On October 3, 2019, the U.S. Court of Appeals for the Federal Circuit (“Federal Circuit”) decided American Axle & Manufacturing, Inc. v. Neapco Holdings LLC. The Federal Circuit held U.S. Patent No. 7,774,911 (“the ‘911 patent”), a method of manufacturing patent, invalid under 35 U.S.C § 101 (“§ 101”) for patent ineligible subject matter.

 

American Axle & Manufacturing, Inc., (“American Axle”) sued Neapco Holdings LLC (“Neapco”) alleging infringement of the ‘911 patent. The ‘911 patent generally relates to a method for manufacturing driveline propeller shafts with liners that are designed to “attenuat[e] … vibrations transmitted through a shaft assembly.” The U.S. District Court for the District of Delaware (“District Court”) held the ‘911 patent’s claims ineligible under § 101. Specifically, the District Court found the claims, as a whole, were directed to the laws of nature: Hooke’s law and friction dampening. American Axle timely appealed.

 

On appeal, the Federal Circuit utilized the Alice/Mayo two-step test for determining whether claims recite eligible subject matter.
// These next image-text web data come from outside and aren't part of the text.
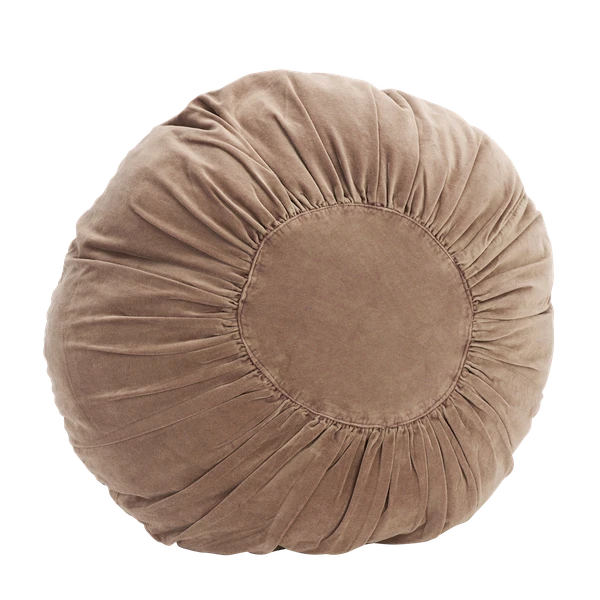 Madam Stoltz Round Velvet Cushion - Mushroom
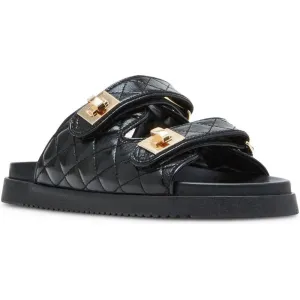Schmona Black Leather Quilted Flat Slide Sandals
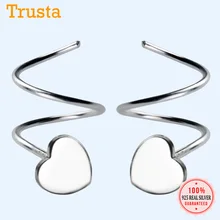 Trusta 925 пробы серебряные женские маленькие звезды сердце ухо кости уха пряжки кольцо плотно Упакованные мини Двойные Кольца Серьги DS434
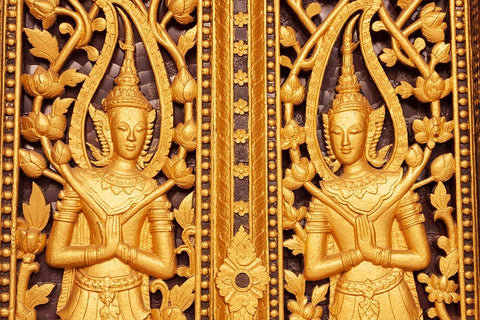 Laos- Luang Prabang. Golden relief carvings. White Modern Wood Framed Art Print with Double Matting by Haseltine, Tom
At step one, the Federal Circuit first noted that there is no legal principle or precedent that a claim to a method of manufacturing is inherently directed to eligible subject matter under § 101. Turning to the “focus of the claimed advance,” the Federal Circuit explained the claims merely state a liner should be tuned to dampen certain vibrations by controlling the stiffness or mass of the liner which is an application of a natural law, Hooke’s law. Further, despite American Axle’s arguments that the tuning process was more complex than simply applying Hooke’s law and that the liner dampens multiple frequencies, the Federal Circuit emphasized the ‘911 patent’s claims did not disclose or claim any such details. As such, the ‘911 patent’s claims were found to be directed to a law of nature.

 

The Federal Circuit next analyzed whether the claims provided an “inventive concept” under step two of the Alice/Mayo test. American Axle argued that “prior to the ‘911 patent, liners had never been tuned to dampen [propeller shaft] vibrations and, more specifically, liners had not been used to damp two different vibration modes simultaneously.” Critically, the Federal Circuit again noted the claimed advance was simply controlling various known characteristics of the liner in order to achieve attenuation of two vibration modes simultaneously. Further, American Axle admitted that is was well known “in the automotive industry [to] test for natural frequencies and damping of [propeller shafts] by performing experimental modal analysis.” In light of the facts, the Federal Circuit explained the process of engaging in a conventional, unbounded trial-and-error process does not render the claims patent eligible, even if the desired result to which that process is directed would be new and unconventional.

 

Accordingly, the Federal Circuit affirmed the District Court’s ruling that the claims of the ‘911 patent were directed to ineligible subject matter under § 101. Thus, this case demonstrates the importance of including an advancement in process claims that are directed to laws of nature – irrespective of the complexity of such laws. Moreover, the Federal Circuit’s holding in this case emphasizes that technologies rooted in the mechanical/physical realm are not inherently eligible under § 101.